[Short web captions]
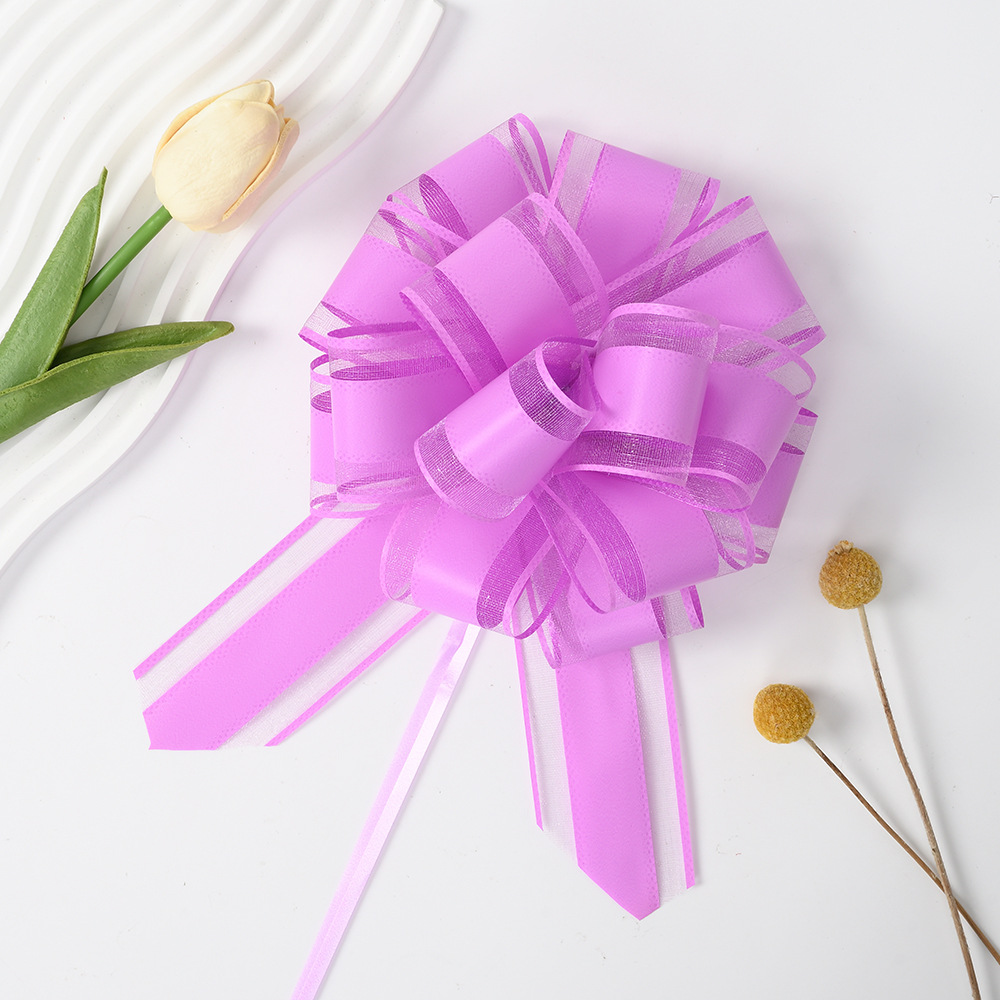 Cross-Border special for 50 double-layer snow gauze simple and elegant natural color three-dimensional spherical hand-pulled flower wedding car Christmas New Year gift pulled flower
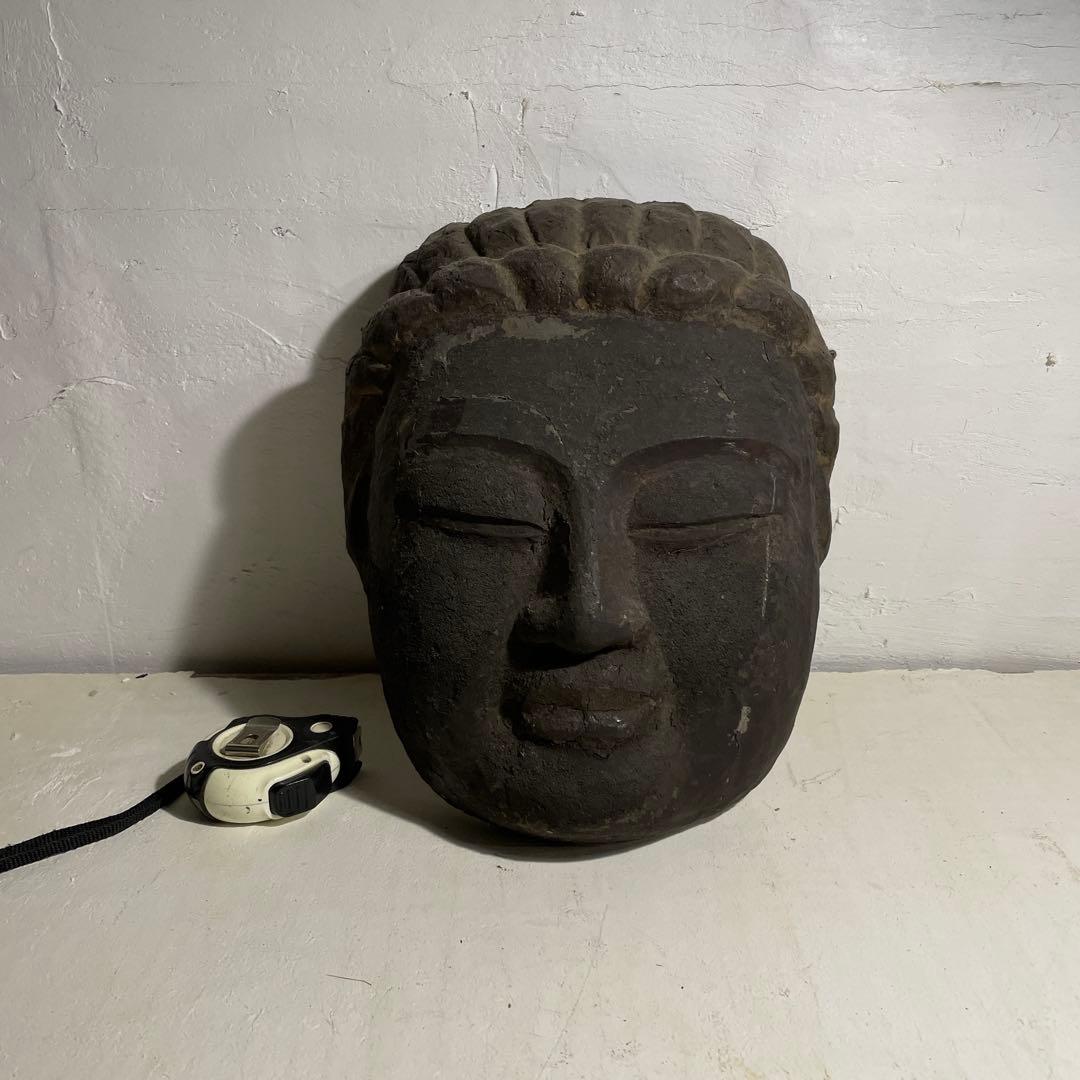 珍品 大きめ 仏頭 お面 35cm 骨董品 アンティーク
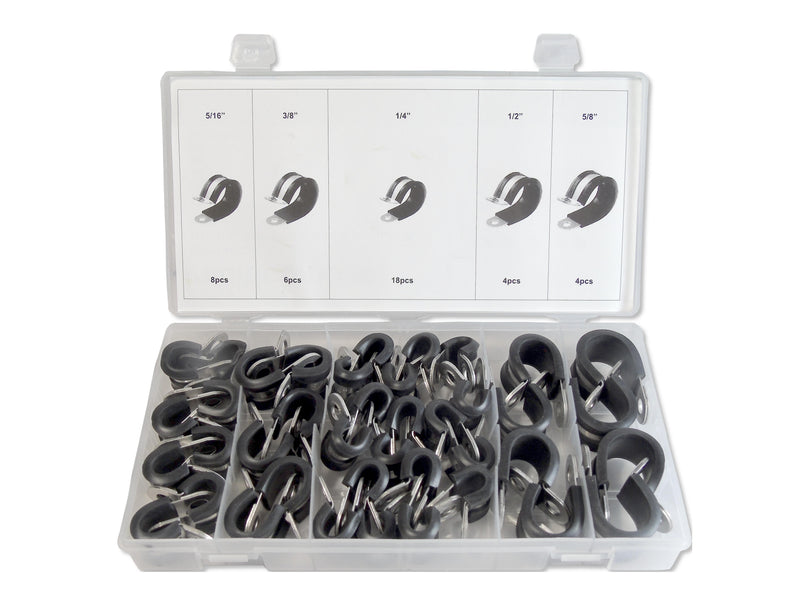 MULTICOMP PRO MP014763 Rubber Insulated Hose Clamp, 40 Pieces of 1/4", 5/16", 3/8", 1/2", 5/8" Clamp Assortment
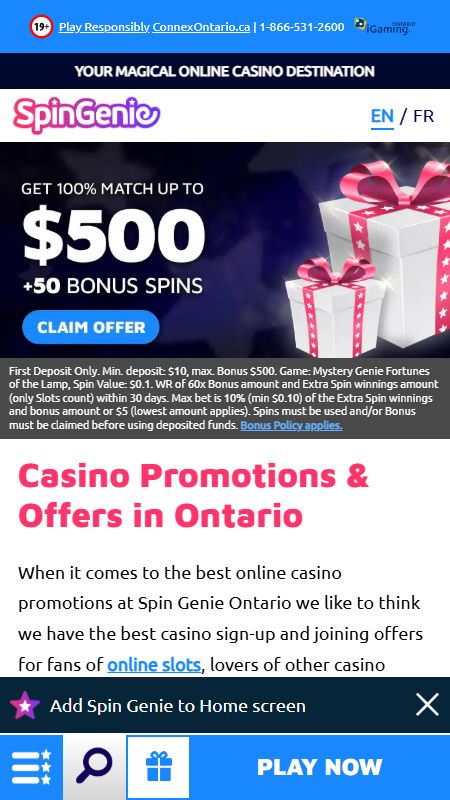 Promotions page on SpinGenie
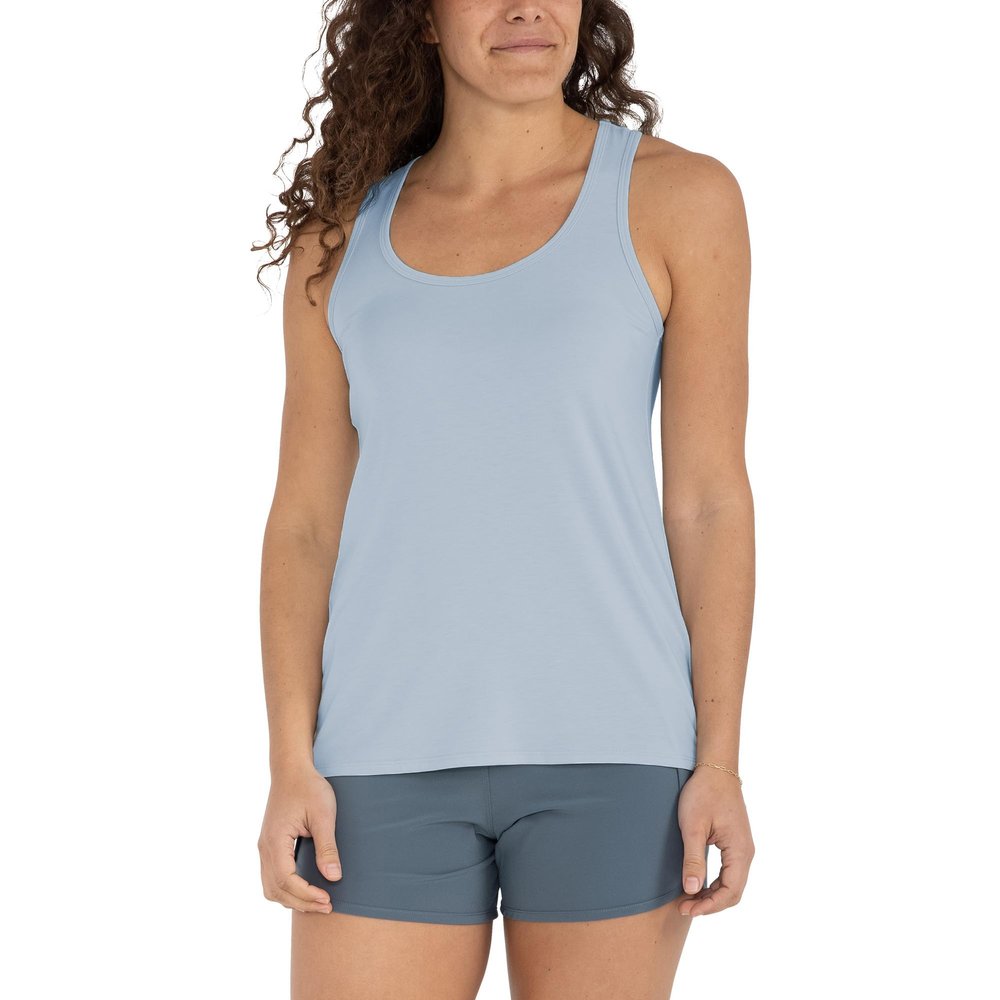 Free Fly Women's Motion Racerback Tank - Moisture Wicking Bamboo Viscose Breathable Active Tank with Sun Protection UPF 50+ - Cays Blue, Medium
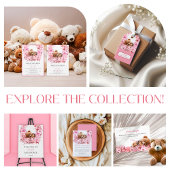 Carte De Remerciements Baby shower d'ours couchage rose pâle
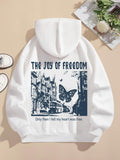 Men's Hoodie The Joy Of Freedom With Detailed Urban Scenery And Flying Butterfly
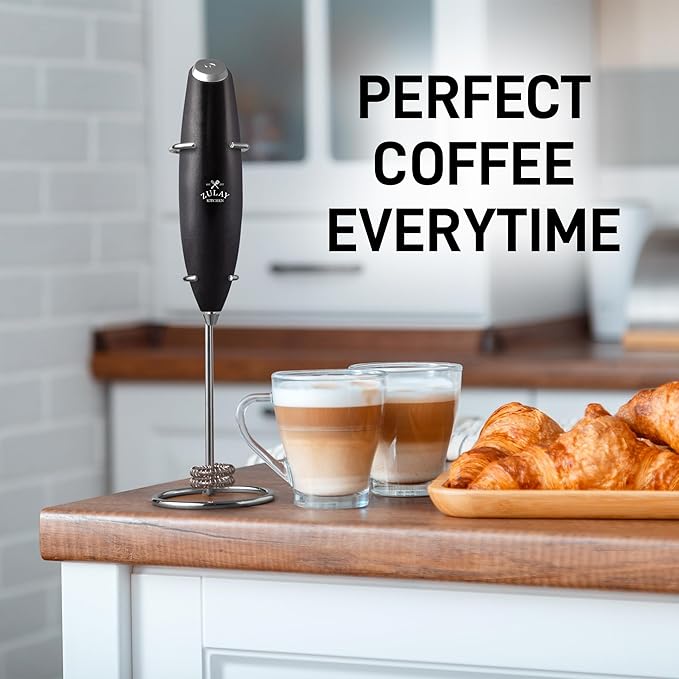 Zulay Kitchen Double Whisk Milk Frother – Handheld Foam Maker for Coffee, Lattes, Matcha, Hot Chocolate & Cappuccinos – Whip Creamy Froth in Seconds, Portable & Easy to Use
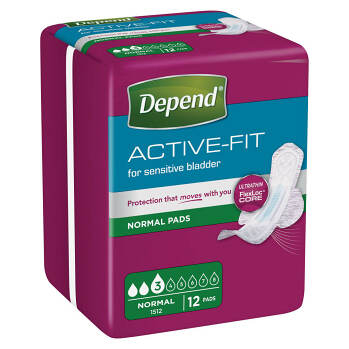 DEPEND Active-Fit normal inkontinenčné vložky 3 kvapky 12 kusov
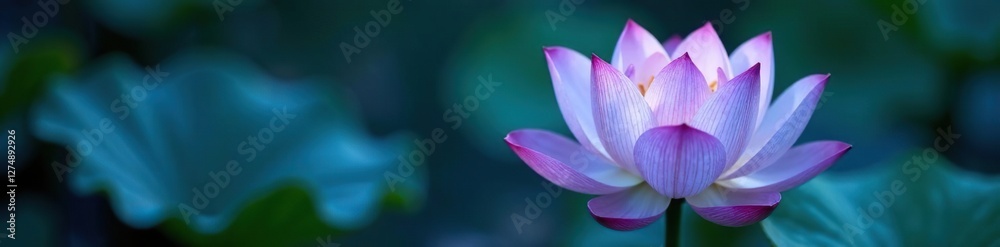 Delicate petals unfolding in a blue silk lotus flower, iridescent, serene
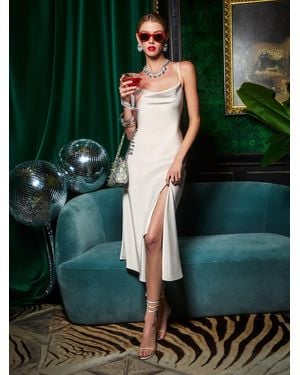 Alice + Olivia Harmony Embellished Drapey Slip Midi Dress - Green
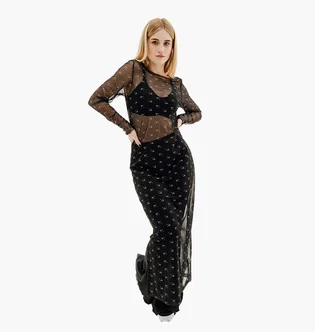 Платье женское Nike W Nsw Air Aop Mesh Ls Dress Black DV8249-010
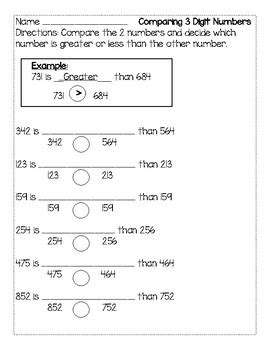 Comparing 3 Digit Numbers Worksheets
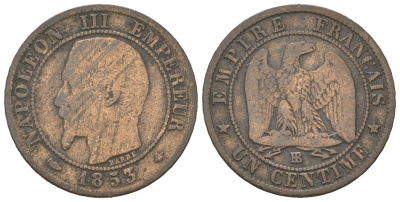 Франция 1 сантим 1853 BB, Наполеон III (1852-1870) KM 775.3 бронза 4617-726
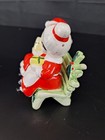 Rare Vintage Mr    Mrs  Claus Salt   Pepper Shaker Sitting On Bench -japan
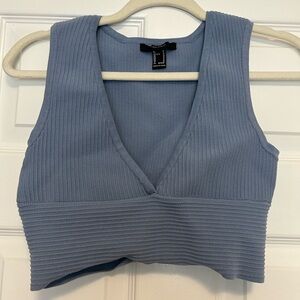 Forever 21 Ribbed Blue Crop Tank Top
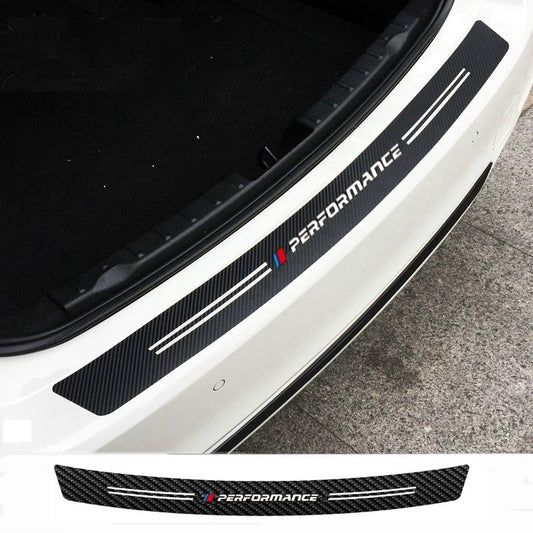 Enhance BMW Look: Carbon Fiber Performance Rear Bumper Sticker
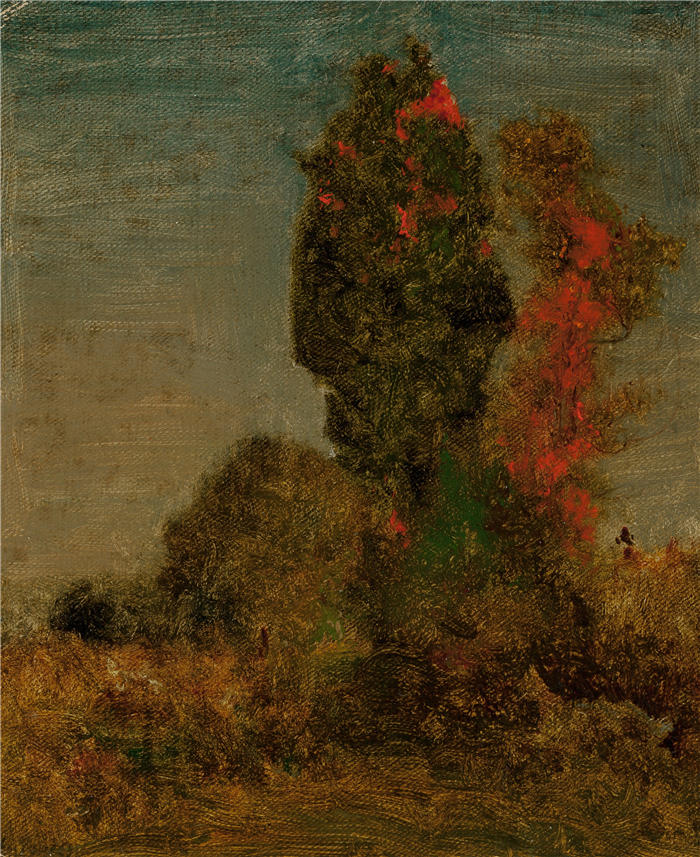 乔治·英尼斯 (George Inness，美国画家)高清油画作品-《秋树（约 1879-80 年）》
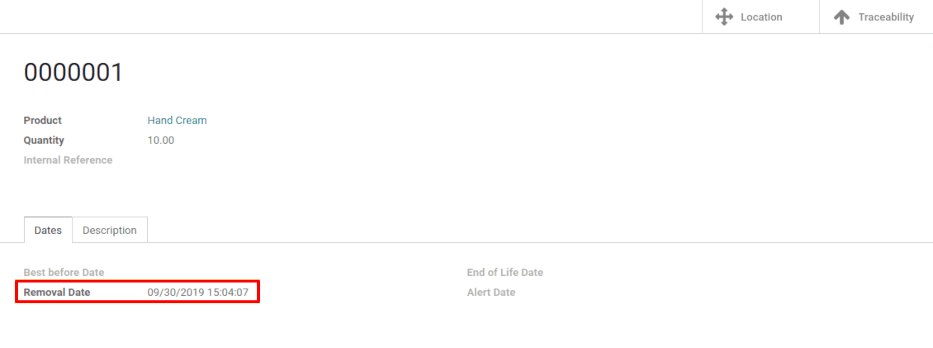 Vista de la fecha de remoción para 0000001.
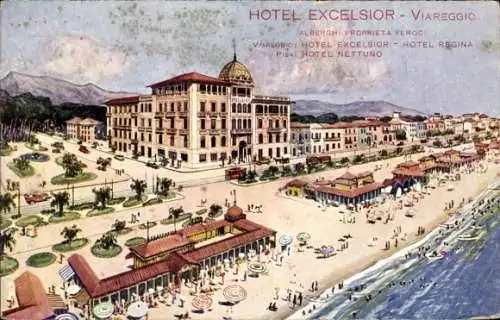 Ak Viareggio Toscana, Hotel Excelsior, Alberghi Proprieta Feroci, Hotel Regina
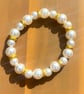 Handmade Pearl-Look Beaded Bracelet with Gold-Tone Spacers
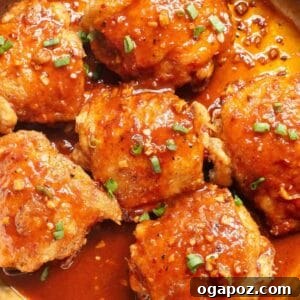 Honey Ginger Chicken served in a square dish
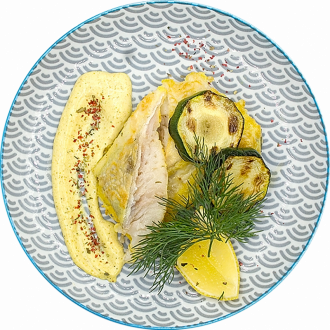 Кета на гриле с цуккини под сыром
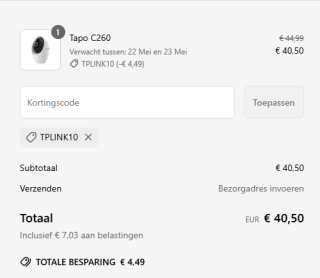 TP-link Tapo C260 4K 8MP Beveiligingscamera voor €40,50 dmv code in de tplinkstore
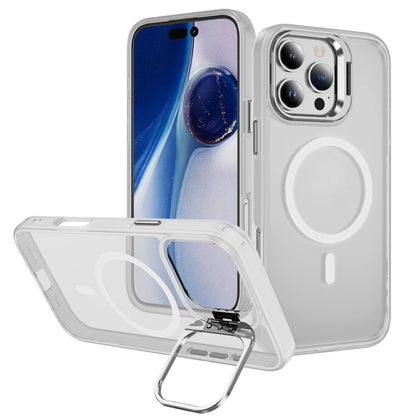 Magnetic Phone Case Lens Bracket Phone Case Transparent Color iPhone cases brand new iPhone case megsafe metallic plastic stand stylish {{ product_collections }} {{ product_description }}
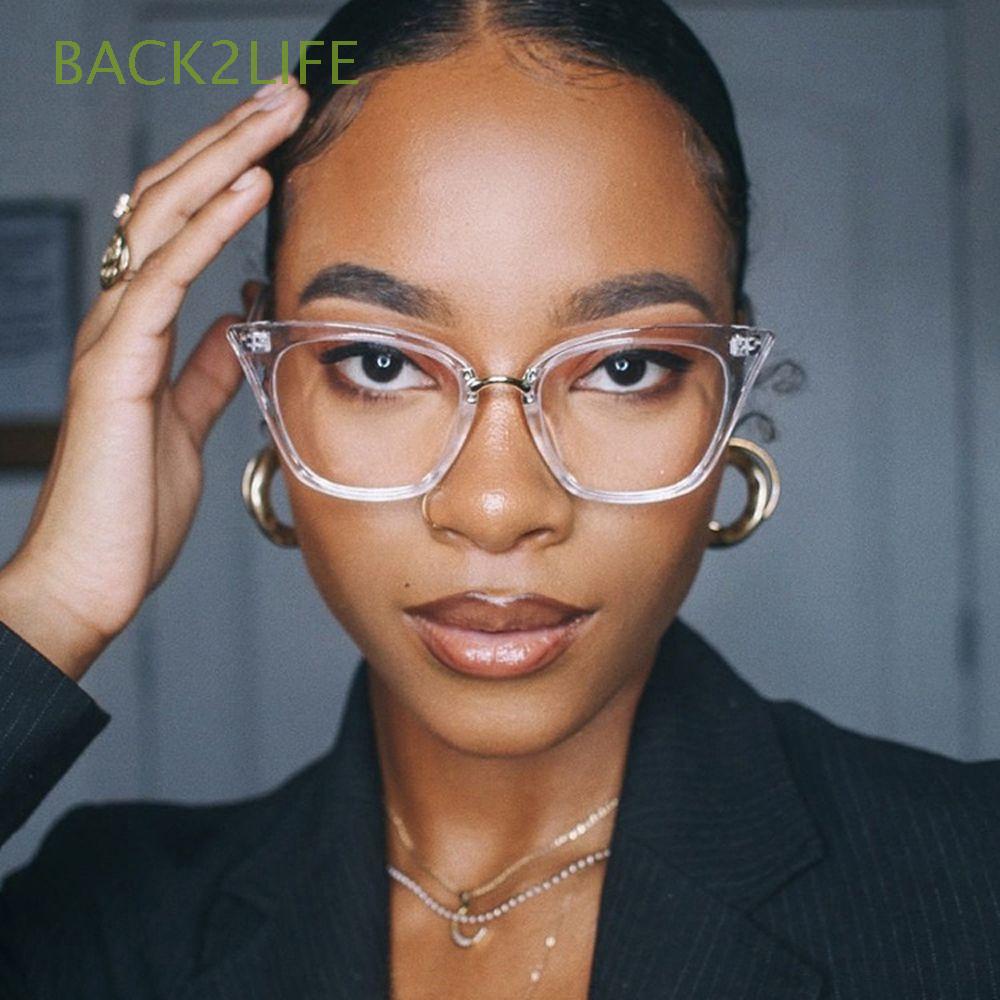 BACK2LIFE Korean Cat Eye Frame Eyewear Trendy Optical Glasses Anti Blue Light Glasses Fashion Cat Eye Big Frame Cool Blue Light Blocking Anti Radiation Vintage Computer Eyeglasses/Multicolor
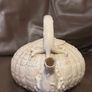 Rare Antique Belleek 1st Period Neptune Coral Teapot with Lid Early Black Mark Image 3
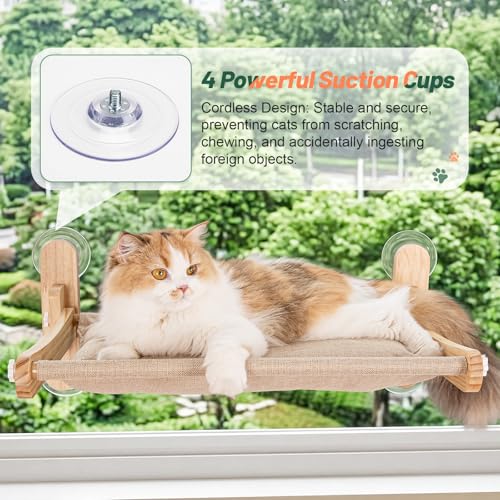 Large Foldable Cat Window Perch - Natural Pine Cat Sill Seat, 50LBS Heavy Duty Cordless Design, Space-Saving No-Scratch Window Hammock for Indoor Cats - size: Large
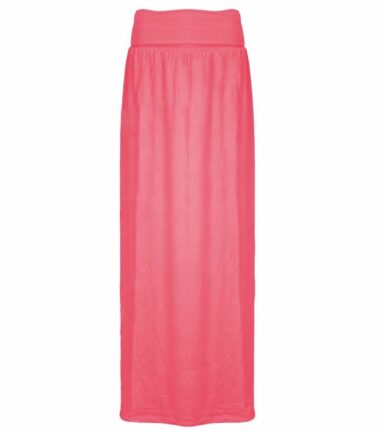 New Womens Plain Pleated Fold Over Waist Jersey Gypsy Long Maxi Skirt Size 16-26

__TASK GOAL__:
Above are the records; copy from them only the lines starting at the one containing "Rare Vintage Mr" and ending at the one containing "Vista de la fecha de remoción para 0000001.", exactly and without pictures.

__TASK SOLUTION__:
 Rare Vintage Mr    Mrs  Claus Salt   Pepper Shaker Sitting On Bench -japan
 Forever 21 Ribbed Blue Crop Tank Top
 Enhance BMW Look: Carbon Fiber Performance Rear Bumper Sticker
 乔治·英尼斯 (George Inness，美国画家)高清油画作品-《秋树（约 1879-80 年）》
 Vista de la fecha de remoción para 0000001.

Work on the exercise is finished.